Exercise brief
Below are lines of records; copy exactly those from the one containing "View (from property/room)" through the one containing "Toucans toco parrots", leaving the pictures behind.
(Beginning of Records provided)
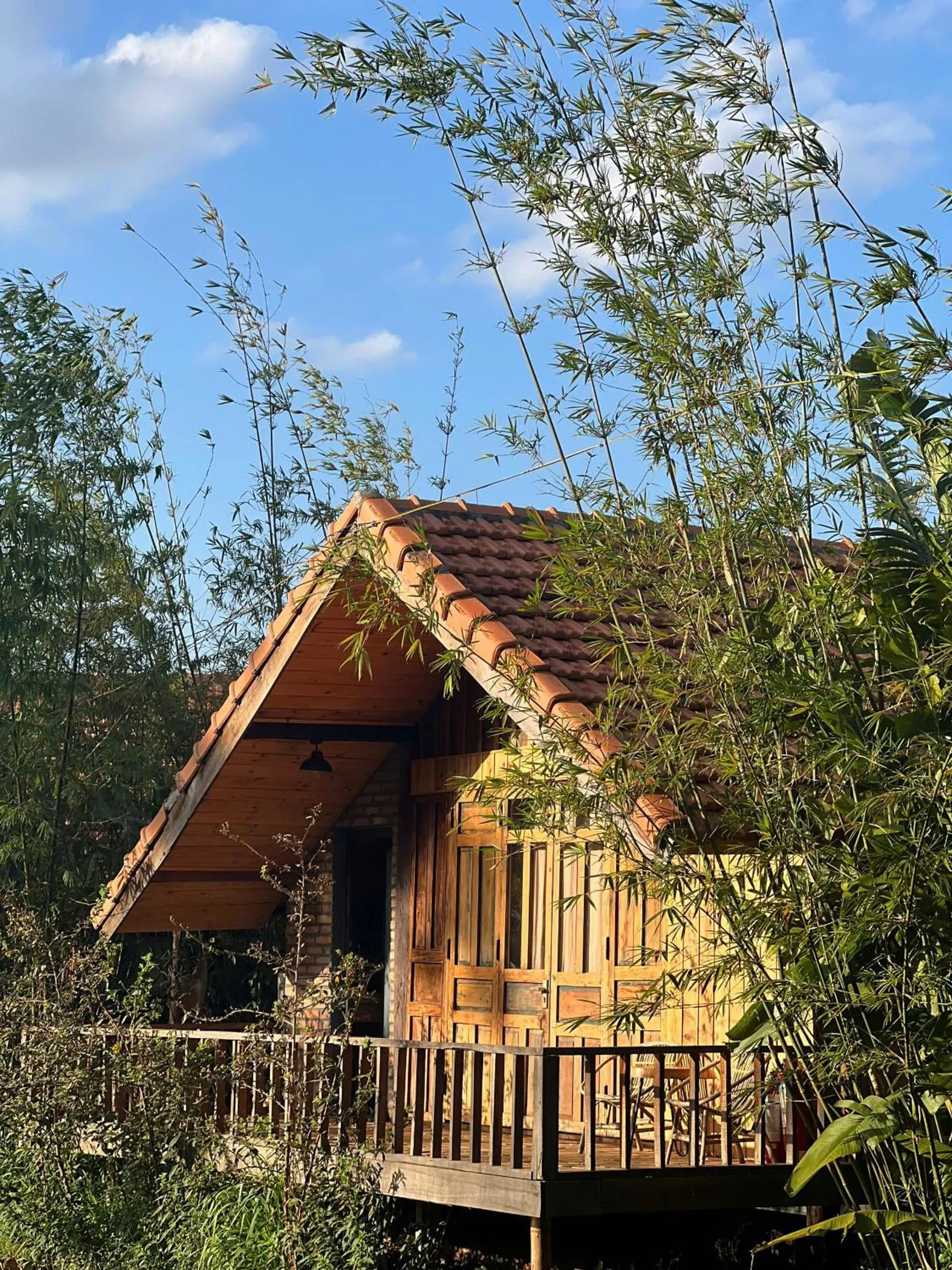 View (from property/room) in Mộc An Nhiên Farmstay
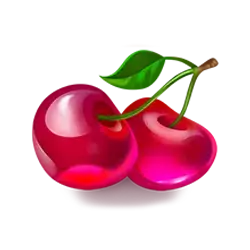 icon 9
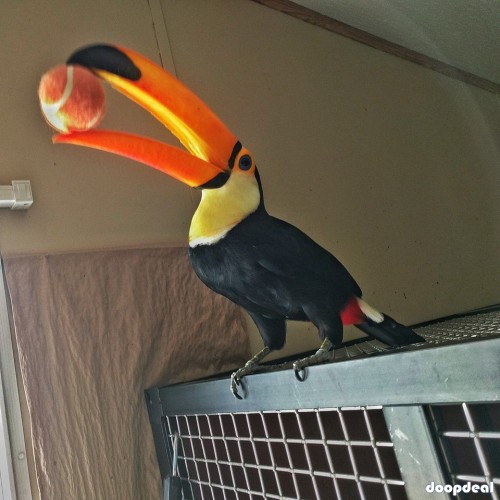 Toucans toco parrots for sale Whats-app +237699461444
(End of Records provided)
(Beginning of Records provided)
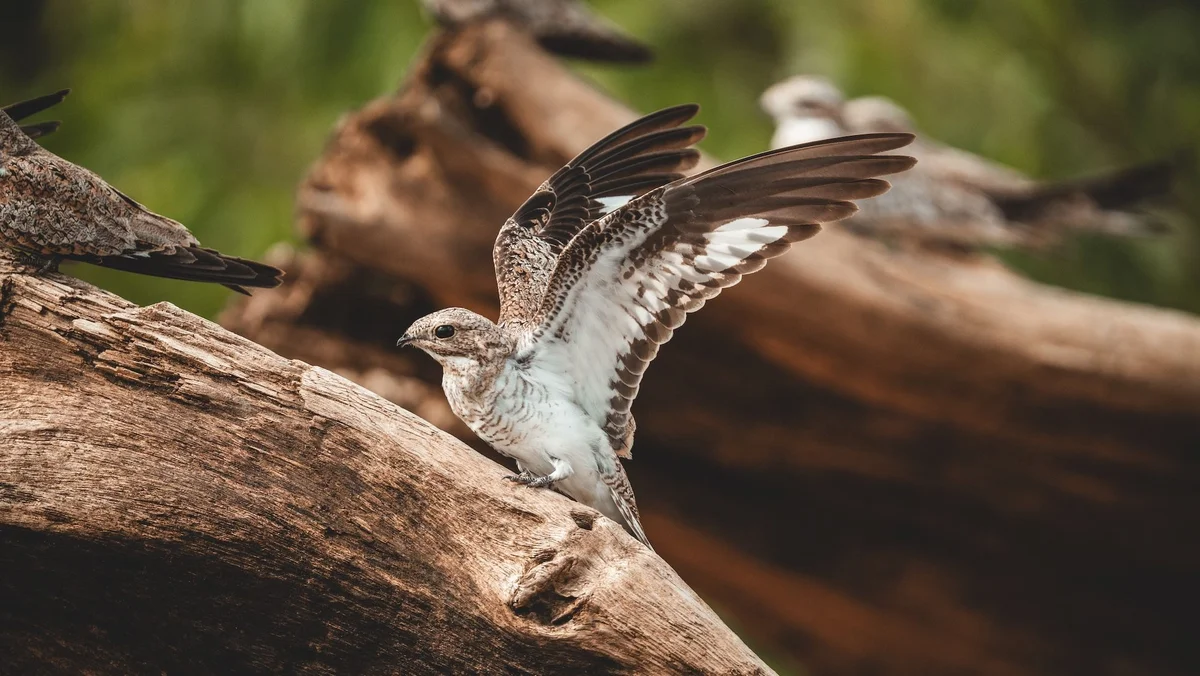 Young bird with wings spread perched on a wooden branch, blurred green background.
(End of Records provided)
(Beginning of Records provided)
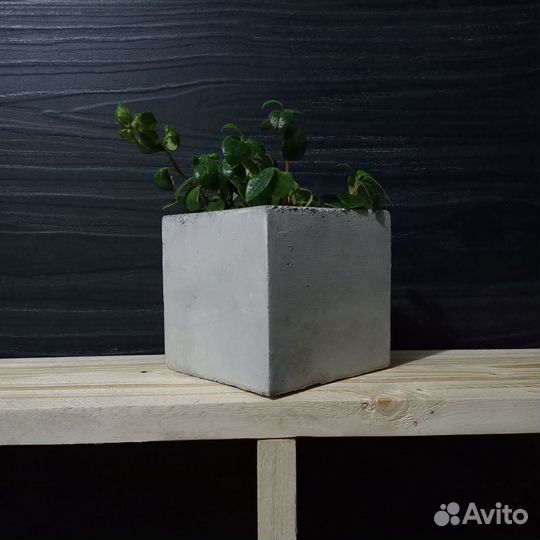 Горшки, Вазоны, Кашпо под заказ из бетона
(End of Records provided)
Response box
 View (from property/room) in Mộc An Nhiên Farmstay
 icon 9
 Toucans toco parrots for sale Whats-app +237699461444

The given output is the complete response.